Faced with this dilemma, plaintiff’s counsel wrote to the court and advised that pursuant to rule 4.01(5), they wished to correct evidence which, unknowingly, had been presented to the Court and which had since been discovered to be potentially inaccurate. It was also said that as a result of reviewing the first agent’s file, the inventor had a different recollection of the events than his testimony before the Court disclosed. The letter went on to describe the inventor’s revised evidence based on the first agent’s file and an explanation for his faulty memory.

Motion To Re-Open The Trial

The defendant brought a motion to re-open the trial and compel the inventor to testify and be subject to cross-examination.

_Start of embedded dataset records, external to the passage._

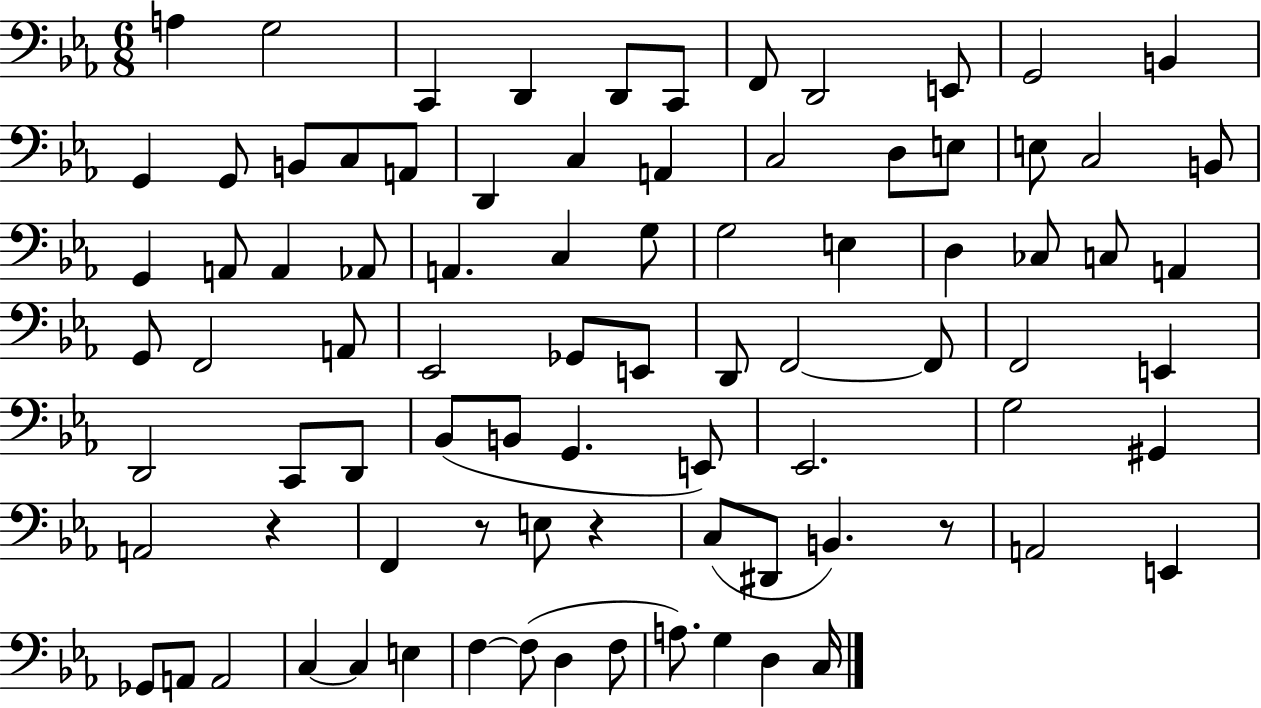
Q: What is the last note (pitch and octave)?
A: C3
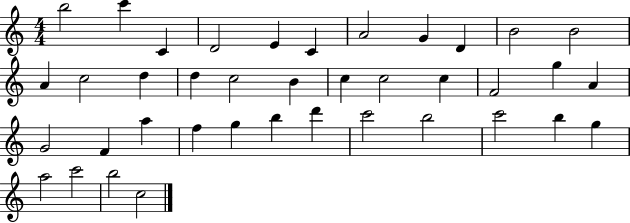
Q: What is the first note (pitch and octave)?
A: B5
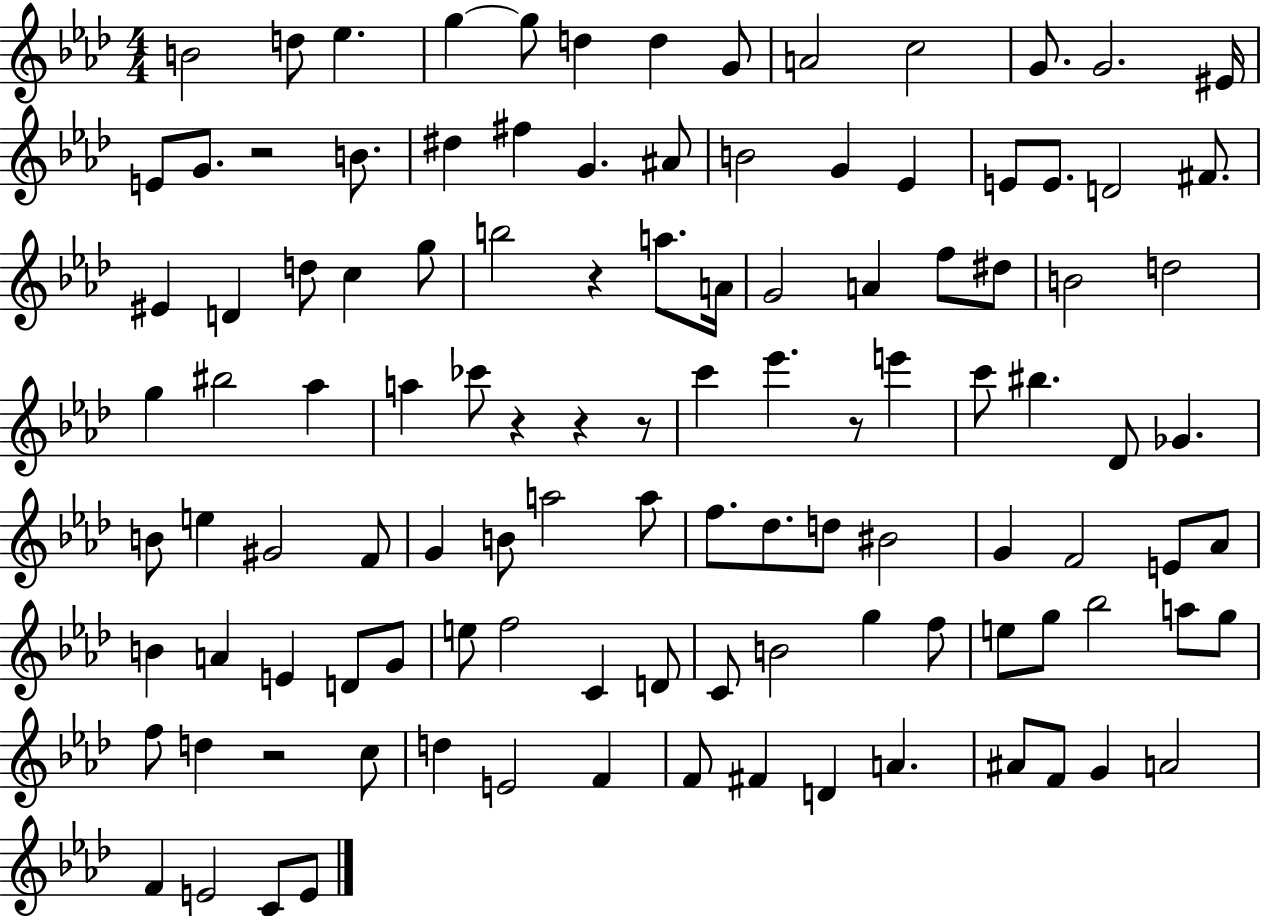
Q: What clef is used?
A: treble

The Trial Judge observed it would be curious if the Rules of Professional Conduct imposed an obligation on counsel to advise the court of inaccurate evidence and the Court was not expected to take action to ensure the accuracy of the trial record. A letter from counsel concerning the corrected evidence might not be sufficient where cross-examination should take place and the Court would be required to access credibility of the witness on this new recollection.

There are no cases dealing on the issue of re-opening a trial after argument but before judgment and reasons have been given. However, there are cases that deal with the situation after a judgment has been pronounced.

In such cases it has been established that re-opening is a matter of broad discretion but one which must be exercised sparingly and cautiously. In this regard, two of the factors considered are:

  1. Would the evidence, if presented at trial, change the result?
  2. Could the evidence have been obtained before trial by the exercise of reasonable diligence?

After reviewing these factors, the Trial Judge indicated that the primary concern must be the integrity of the trial process and allowed the trial to be re-opened.


It is difficult to be critical of counsel for the plaintiff in not vigorously seeking the first agent’s file since they relied on their client’s story that it was not relevant. The defendants’ counsel asserted invalidity and the onus of proof was on the defendant to prove it. It would be in the interest of all the parties to have the first inventor’s file produced at the earliest opportunity.